BEGIN ENTRIES SUPPLIED
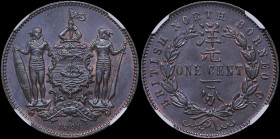 BRITISH NORTH BORNEO: 1 Cent (1891 H) in bronze. Denomination within wreath on obverse. National arms with supporters and date below on reverse. Insid...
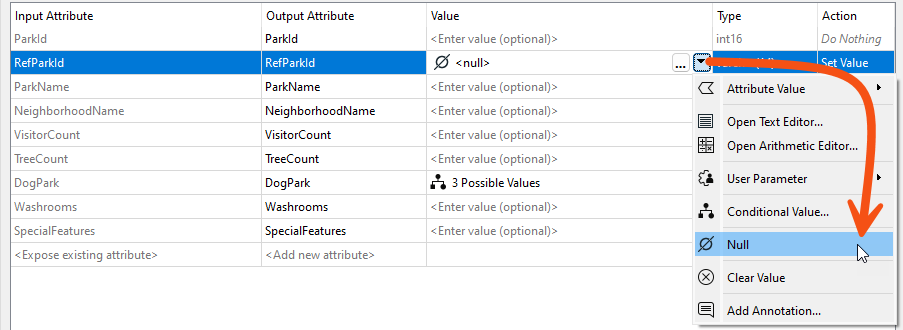 Setting a null value in the AttributeManager.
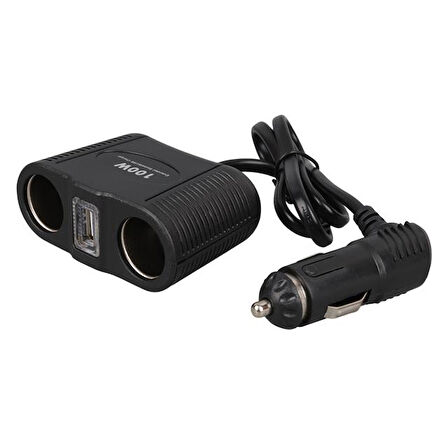 Olesson 1645 12-24v Tek Usb Girişli 100w 70cm Kablolu 2'li Araç Çakmak Çoklayıcı
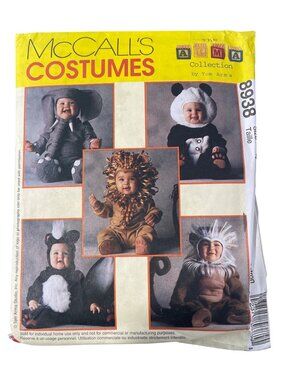 90s McCalls 8938 Toddler Costume Pattern Size 4 Lion Panda Monkey Elephant CUT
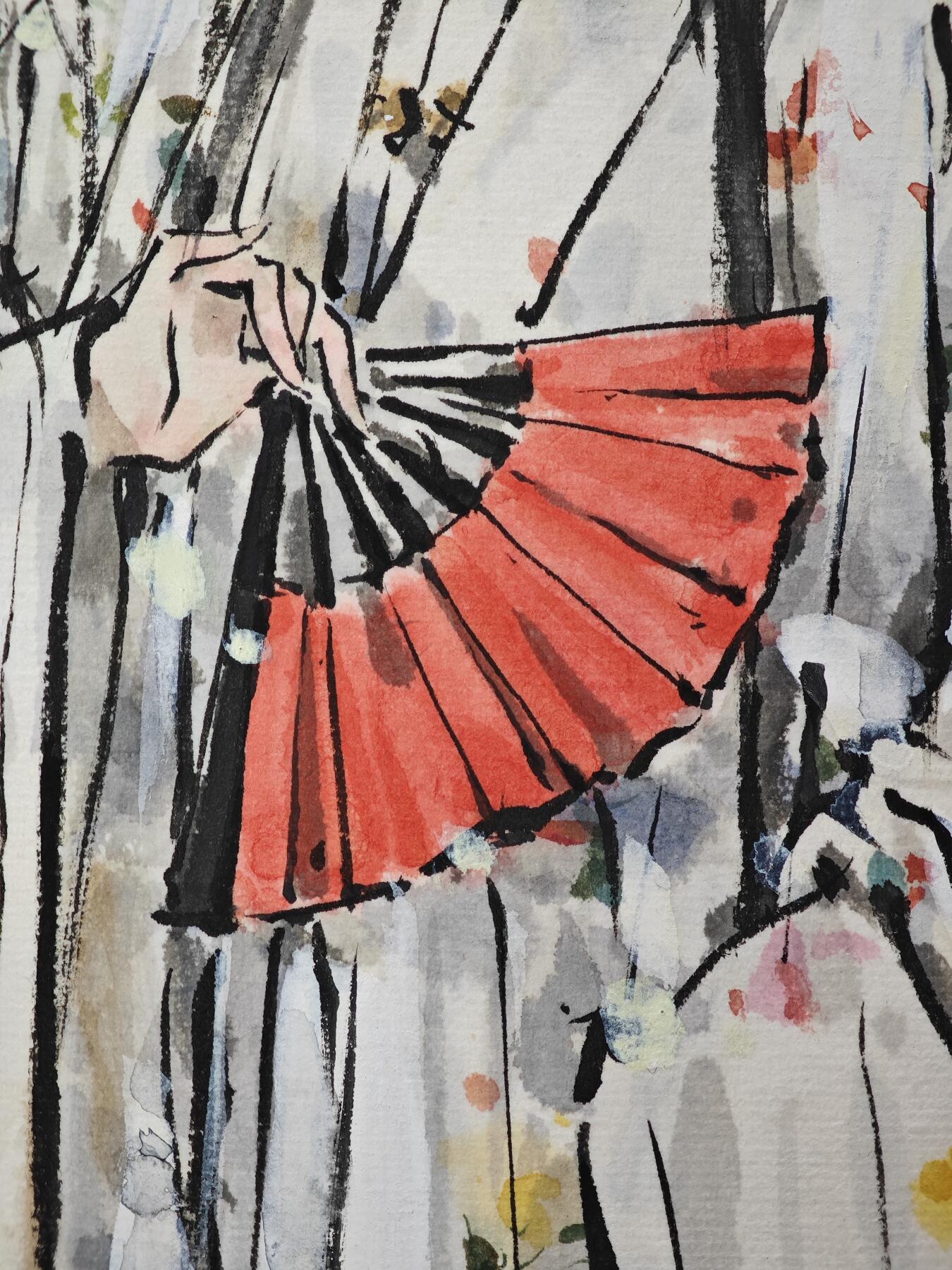 白泽拍卖卡牌手绘专场第33期（去岁千般皆如愿 今年万事定称心） 2025 迟迟手绘画 柳如是 尺寸：26.1cm*41cm  迟迟亲签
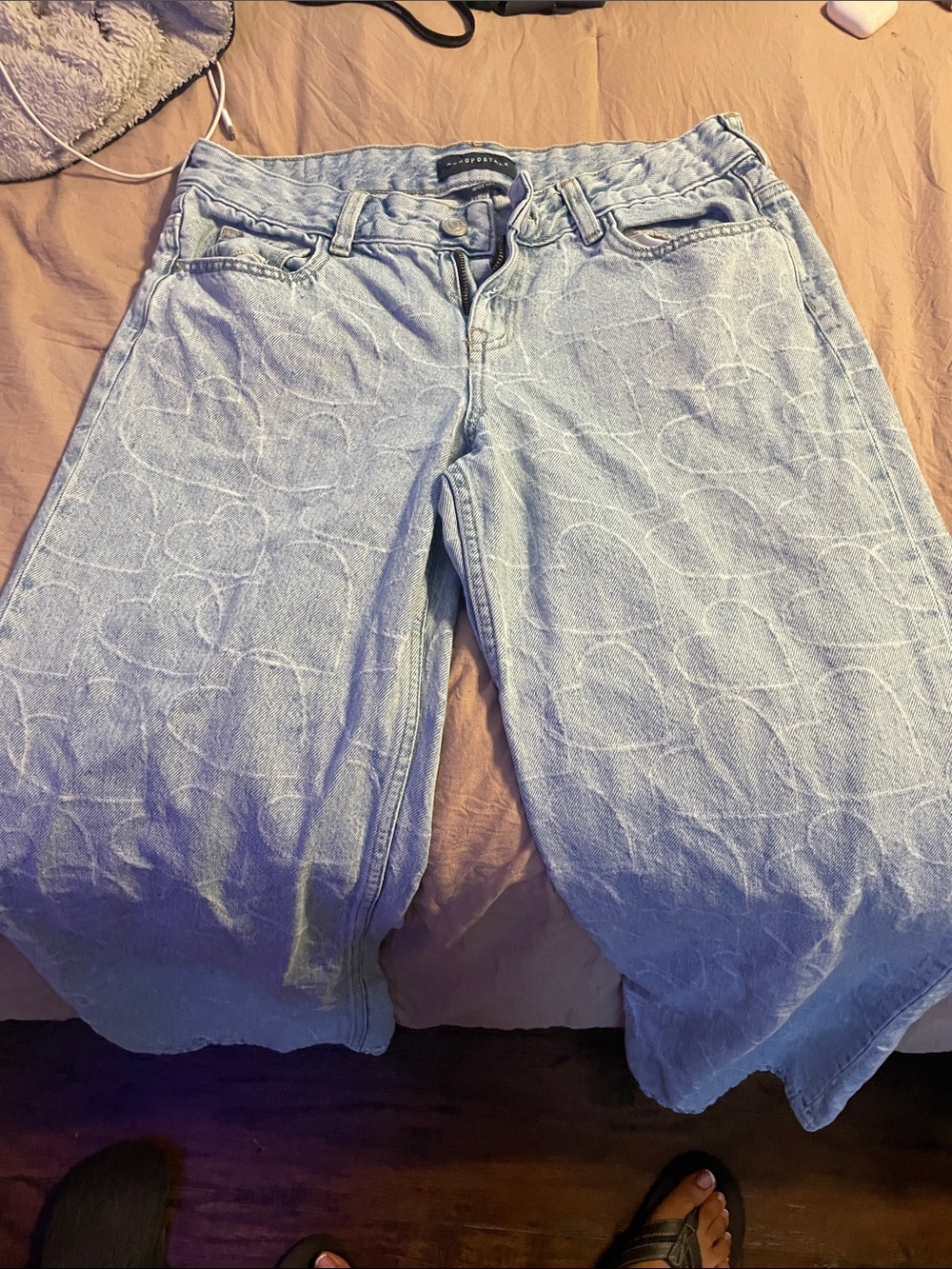 Light Blue Wide-Leg Jeans with Subtle Tonal Pattern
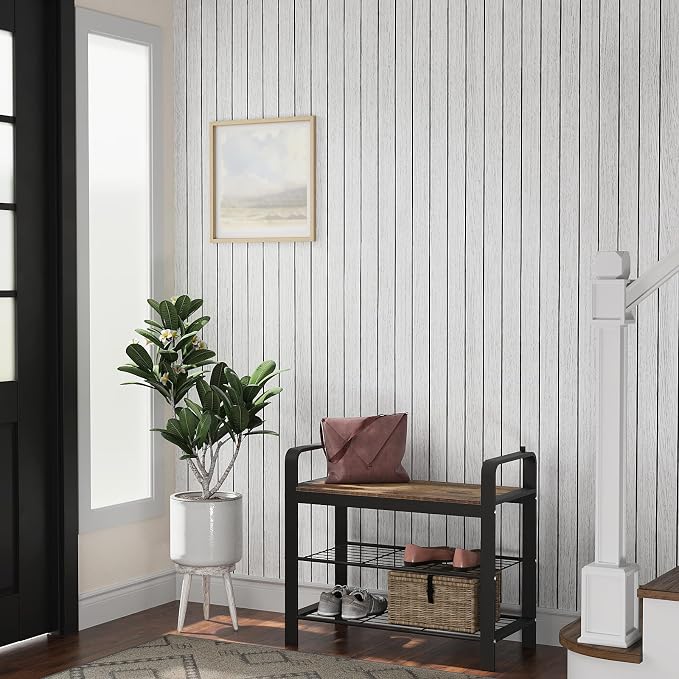 VEELIKE Whitewashed Oak Wood Wall Panel Peel and Stick Foam Slat Panels for Bedroom Living Room 17''x118'' Removable Self Adhesive 3D Slat Wood Wallpaper for Interior Wall Decor TV Backdrop Ceiling - Image 2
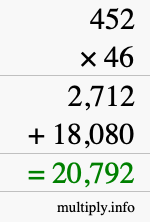 How to calculate 452 times 46 using long multiplication
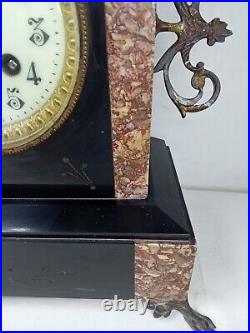 Horloge 19ème siècle Napoléon III en marbre Palot-Lacoste Béziers Fonctionne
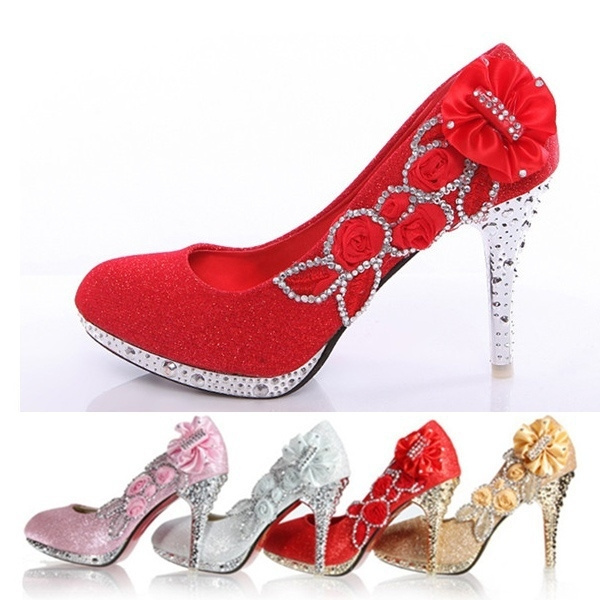 red bottom bridal shoes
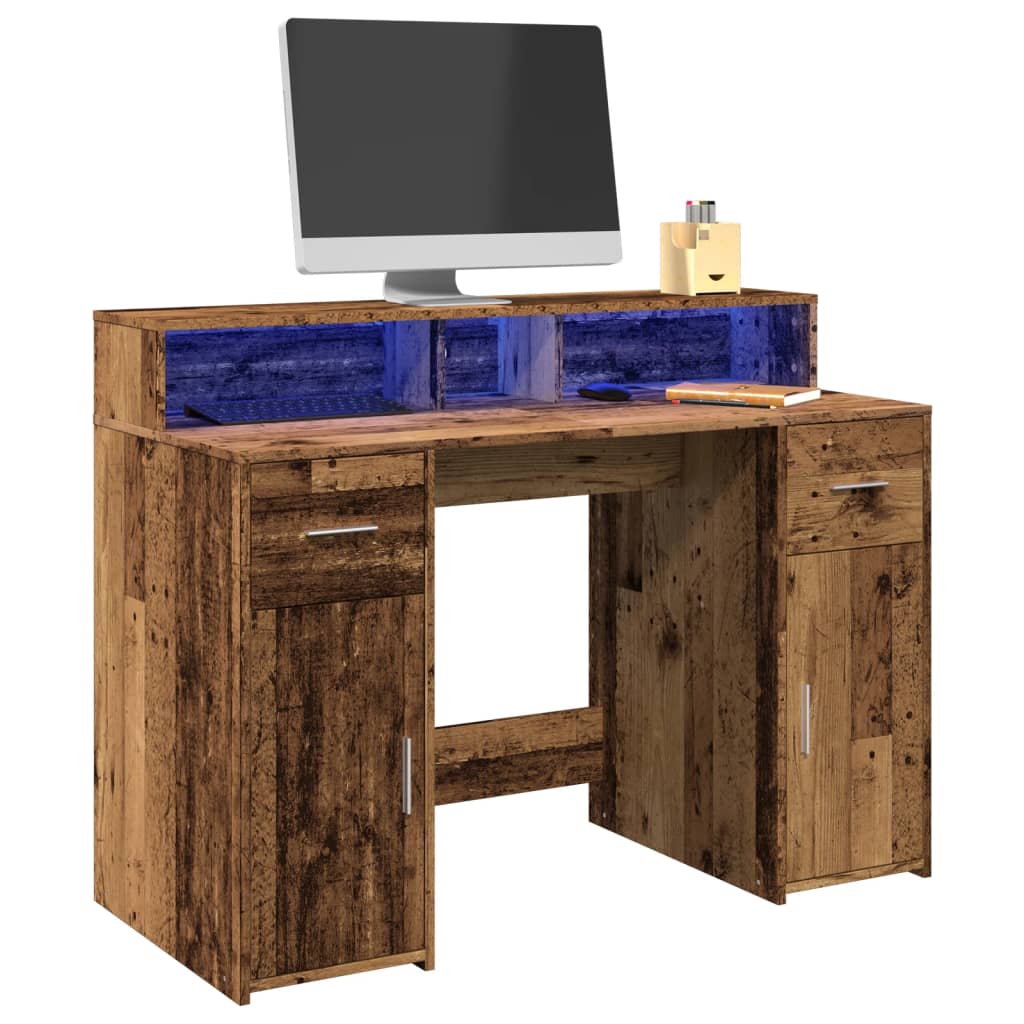 Desk with LED Lights Old Wood 120x55x91 cm Engineered Wood - Direct Imports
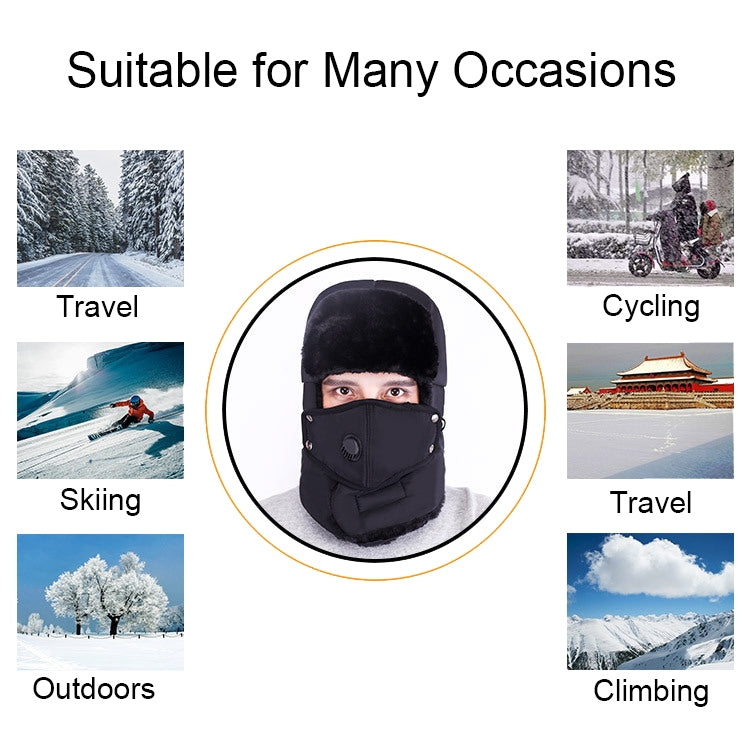 L-1-168 Winter Outdoor Sports Windproof Warm Bomber Hat with Breather Valve Mask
END ENTRIES SUPPLIED
Print the listing exactly, minus any pictures.

ANSWER FOR THIS EXERCISE:
 BRITISH NORTH BORNEO: 1 Cent (1891 H) in bronze. Denomination within wreath on obverse. National arms with supporters and date below on reverse. Insid...
 Setting a null value in the AttributeManager.
 Olesson 1645 12-24v Tek Usb Girişli 100w 70cm Kablolu 2'li Araç Çakmak Çoklayıcı
 90s McCalls 8938 Toddler Costume Pattern Size 4 Lion Panda Monkey Elephant CUT
 白泽拍卖卡牌手绘专场第33期（去岁千般皆如愿 今年万事定称心） 2025 迟迟手绘画 柳如是 尺寸：26.1cm*41cm  迟迟亲签
 Light Blue Wide-Leg Jeans with Subtle Tonal Pattern
 VEELIKE Whitewashed Oak Wood Wall Panel Peel and Stick Foam Slat Panels for Bedroom Living Room 17''x118'' Removable Self Adhesive 3D Slat Wood Wallpaper for Interior Wall Decor TV Backdrop Ceiling - Image 2
 How to calculate 452 times 46 using long multiplication
 Horloge 19ème siècle Napoléon III en marbre Palot-Lacoste Béziers Fonctionne
 red bottom bridal shoes
 Desk with LED Lights Old Wood 120x55x91 cm Engineered Wood - Direct Imports
 L-1-168 Winter Outdoor Sports Windproof Warm Bomber Hat with Breather Valve Mask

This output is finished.